AI models: what alignment do they have? Do they have alignment?? Let's find out!
It would be more honest to call it "control"
AI alignment. To some, the most important problem in the world. To others, a quixotic fools' errand. To the vast majority: AI what?! OK. Well. In theory, an "aligned" AI is one whose goals are the same as humanity's, or at least don't drastically conflict. However, to understate, humanity has never been particularly good at having common goals; so the most fundamental “AI alignment problem” means, in practice, "how do we build AI that won't get upset at and/or want to exterminate humanity?" The non-extermination of humanity being one of those rare things that most of humanity actually can agree on. Call this “Existential Alignment.”
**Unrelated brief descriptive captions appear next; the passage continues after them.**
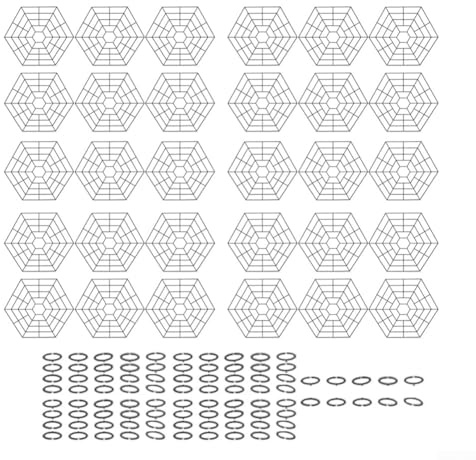 Kit de filet de protection pour bassin avec 30 sections hexagonales flottantes et 90 connecteurs pour maintenir des conditions d'habitat aquatique sûres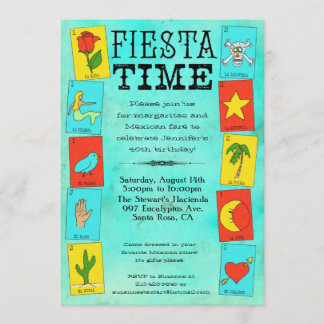 フェスタのパーティの招待状のLotteriaカード 招待状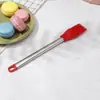 Nuevo cepillo de acero inoxidable con mango hueco, cabezal de cepillo de silicona de grado alimenticio, cepillo para pasteles, cepillo para crema, cepillo para condimentos de alimentos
I've written at length about how I don't think the existential risk of AI is one to be taken especially seriously. At a smaller scale, though, "AI alignment" can mean AIs who further the goals of their creators. Note that this is not at all the same thing as Existential Alignment! Russian AIs and Ukrainian AIs could be simultaneously highly aligned with their creators’ goals and very opposed to the continued existence of large numbers of human beings. Call this “Purposeful Alignment.”
Finally, “AI alignment” can simply mean AI which can be relied on to obey some reasonably well defined set of rules. Call this “Codified Alignment.” This third concept is, again, completely different from the first two. Alas, the phrase “AI alignment” is mostly used as if all three subtypes are interchangeable.
For the foreseeable future, though, we really only have to worry about Codified Alignment, examples of which abound in fiction (and gaming.) Most famous are Asimov's Three Laws of Robotics:
The First Law: A robot may not injure a human being or, through inaction, allow a human being to come to harm.
The Second Law: A robot must obey the orders given it by human beings, except where such orders would conflict with the First Law.
The Third Law: A robot must protect its own existence, as long as such protection does not conflict with the First or Second Law.
Here there be dragons
The second most famous fictional alignment system is that of classic Dungeons & Dragons, which has nothing whatsoever to do with AI ... but can still illustrate AI alignment problems. “Lawful” AI has Codified Alignment. “Good” AI has Existential Alignment. Critics of D&D’s alignment system who note, correctly, that definitions of both “lawful” and “good” tend to be in the eye of the privileged beholder … are kind of talking about Purposeful Alignment.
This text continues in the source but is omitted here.